Look for the line with "a large number" in the data below, then reproduce word for word that line and every line after it. Leave out all pictures and add nothing.

********************

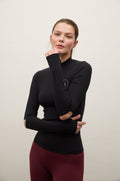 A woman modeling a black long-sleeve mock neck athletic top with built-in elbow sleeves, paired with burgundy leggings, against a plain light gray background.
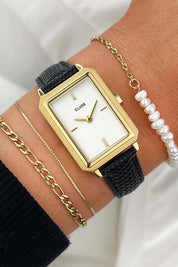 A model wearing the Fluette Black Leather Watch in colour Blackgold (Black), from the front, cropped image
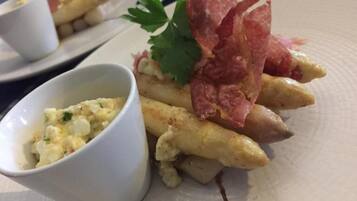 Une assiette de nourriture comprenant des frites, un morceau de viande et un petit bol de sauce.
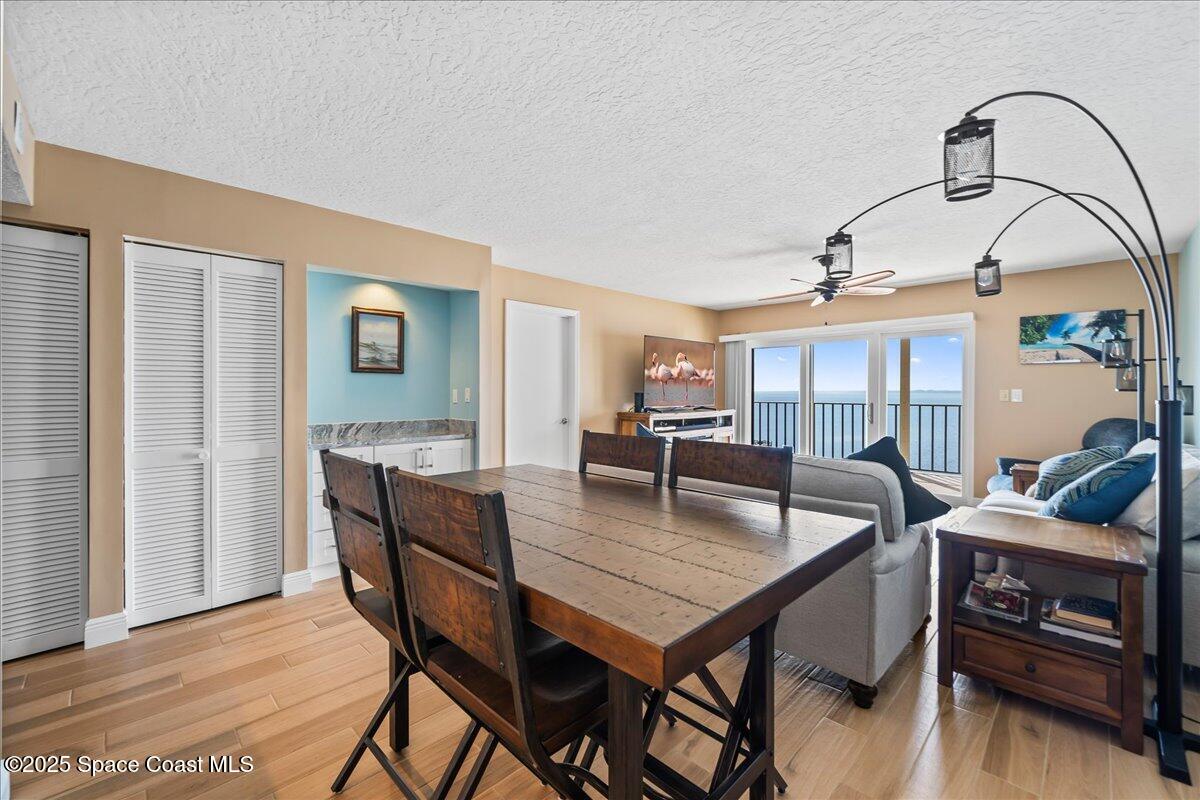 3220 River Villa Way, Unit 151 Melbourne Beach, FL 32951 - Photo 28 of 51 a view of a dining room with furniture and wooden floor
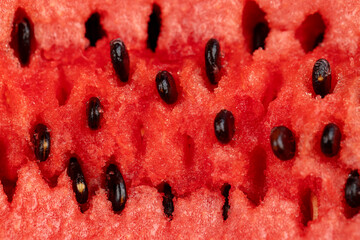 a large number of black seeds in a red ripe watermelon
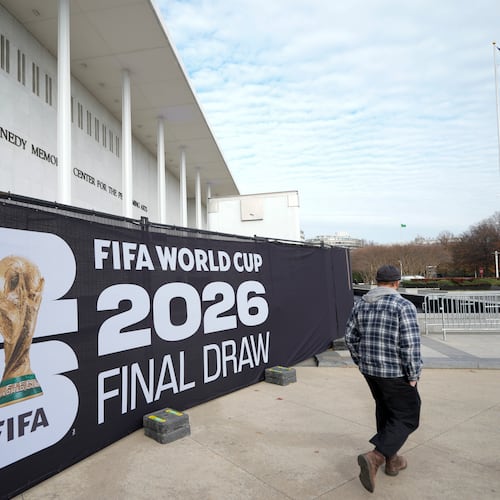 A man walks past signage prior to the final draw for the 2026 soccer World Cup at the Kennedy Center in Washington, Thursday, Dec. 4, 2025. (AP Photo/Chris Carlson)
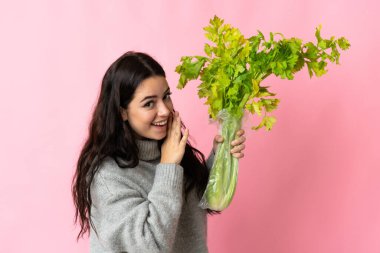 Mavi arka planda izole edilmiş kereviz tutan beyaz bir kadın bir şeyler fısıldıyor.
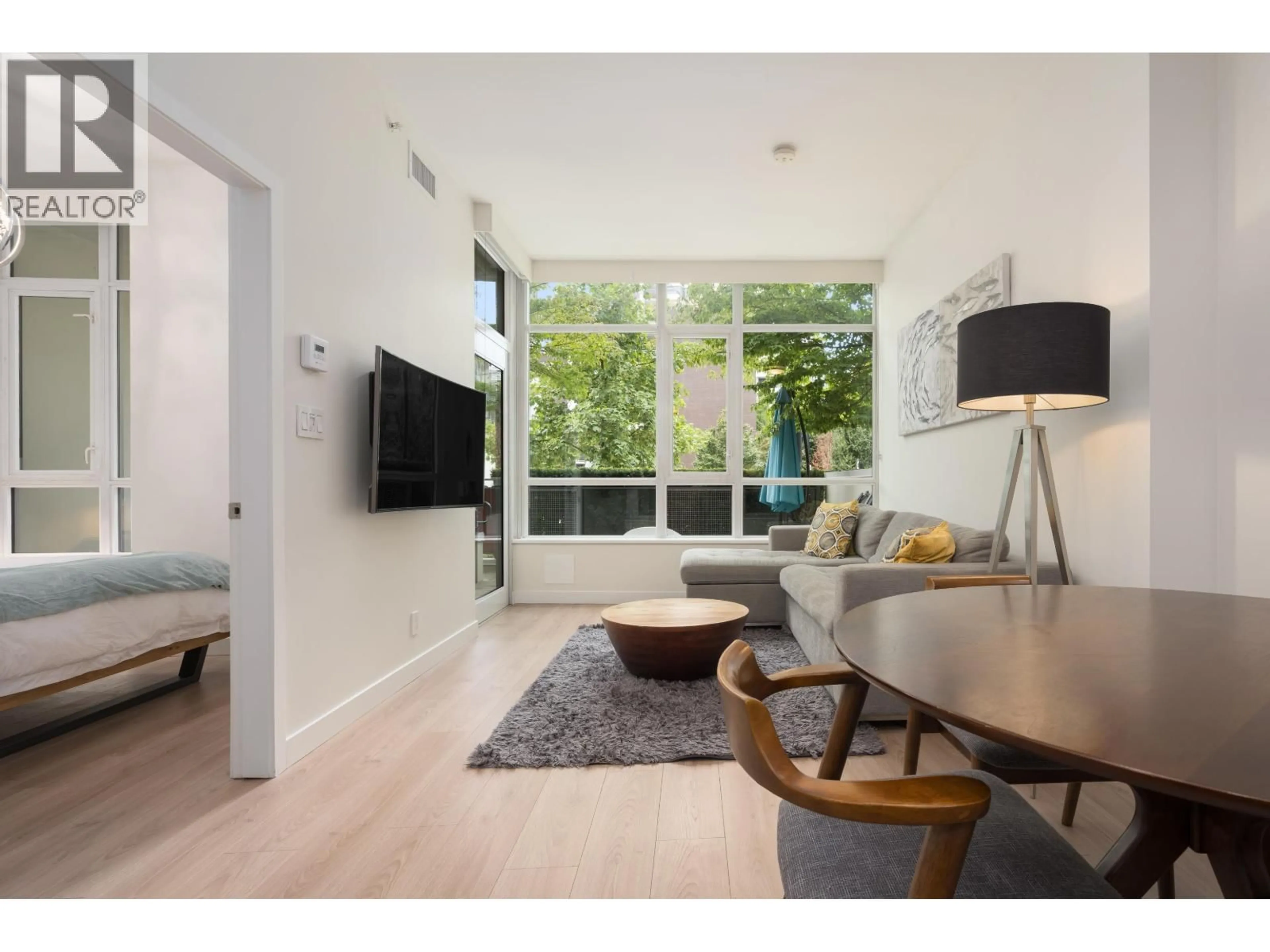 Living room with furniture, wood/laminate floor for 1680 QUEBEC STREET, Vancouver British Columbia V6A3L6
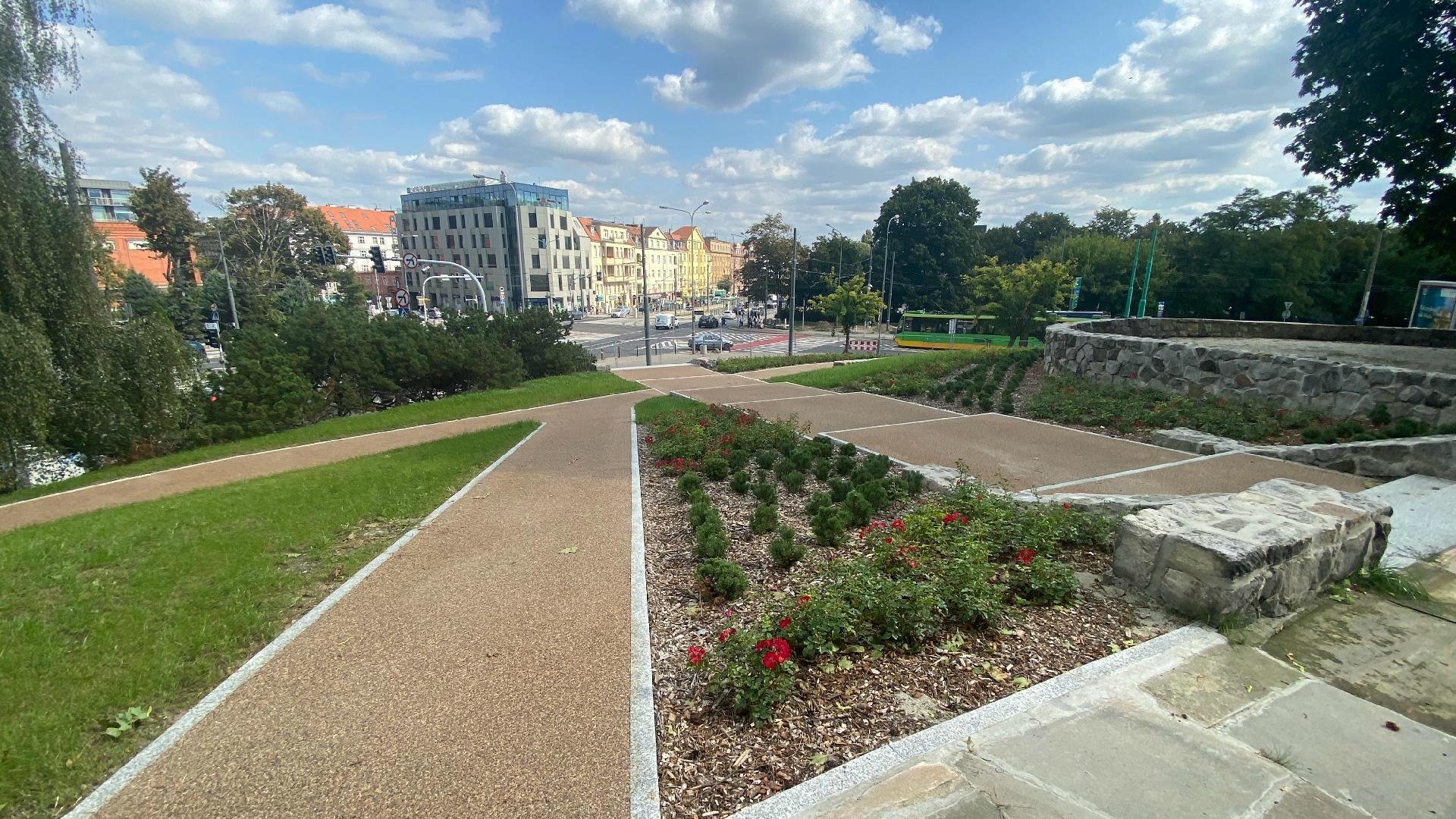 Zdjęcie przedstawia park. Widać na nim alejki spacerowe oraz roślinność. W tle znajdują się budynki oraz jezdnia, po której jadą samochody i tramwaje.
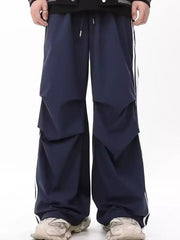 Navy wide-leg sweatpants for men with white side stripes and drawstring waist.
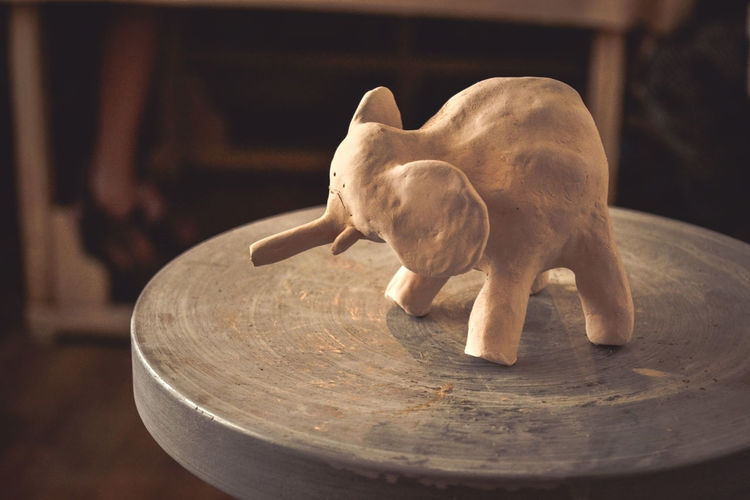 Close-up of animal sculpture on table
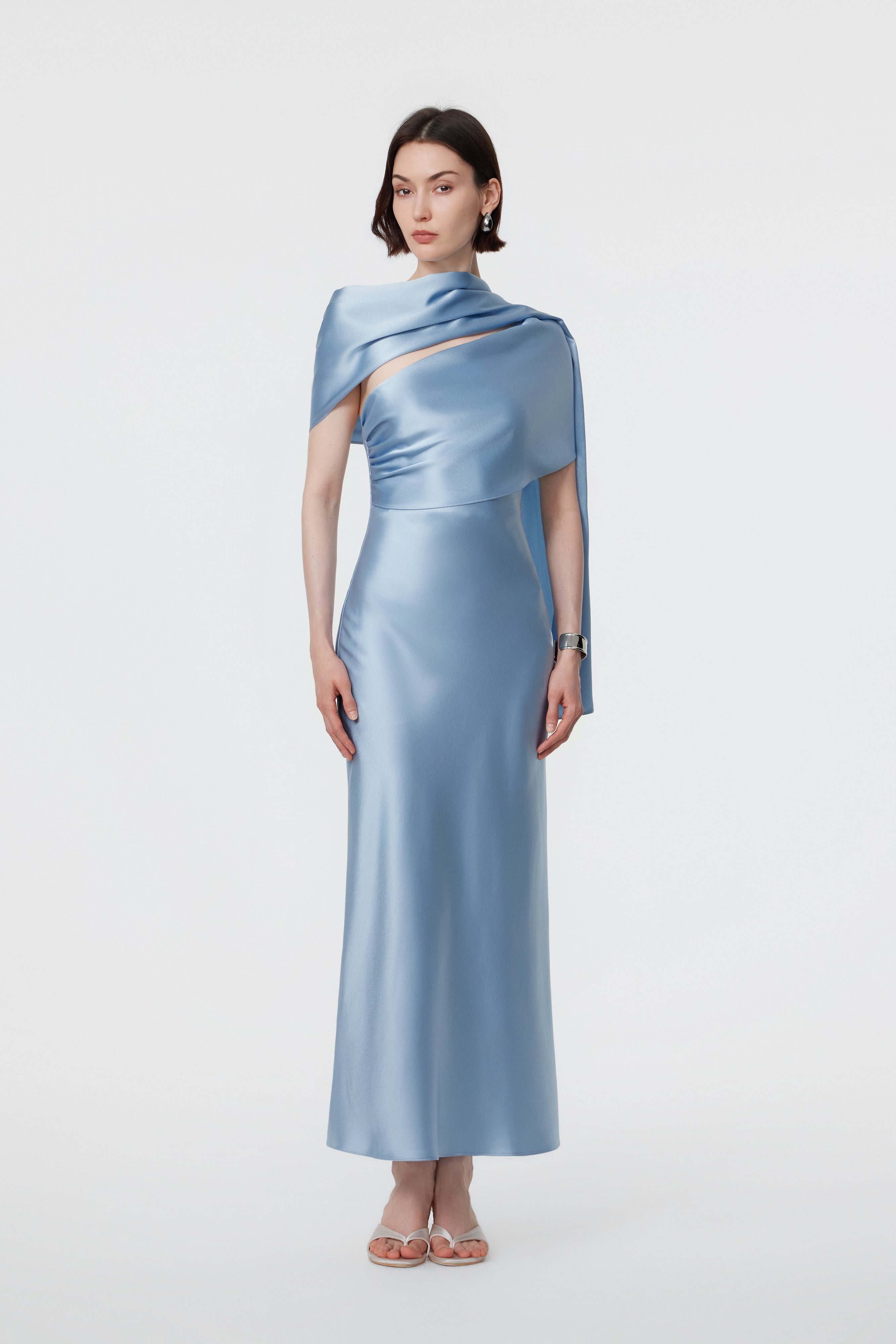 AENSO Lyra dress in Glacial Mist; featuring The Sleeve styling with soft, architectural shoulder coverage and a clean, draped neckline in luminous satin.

********************

● **Result**
 a large number of black seeds in a red ripe watermelon
 A man walks past signage prior to the final draw for the 2026 soccer World Cup at the Kennedy Center in Washington, Thursday, Dec. 4, 2025. (AP Photo/Chris Carlson)
 Mavi arka planda izole edilmiş kereviz tutan beyaz bir kadın bir şeyler fısıldıyor.
 Living room with furniture, wood/laminate floor for 1680 QUEBEC STREET, Vancouver British Columbia V6A3L6
 Zdjęcie przedstawia park. Widać na nim alejki spacerowe oraz roślinność. W tle znajdują się budynki oraz jezdnia, po której jadą samochody i tramwaje.
 Navy wide-leg sweatpants for men with white side stripes and drawstring waist.
 Close-up of animal sculpture on table
 AENSO Lyra dress in Glacial Mist; featuring The Sleeve styling with soft, architectural shoulder coverage and a clean, draped neckline in luminous satin.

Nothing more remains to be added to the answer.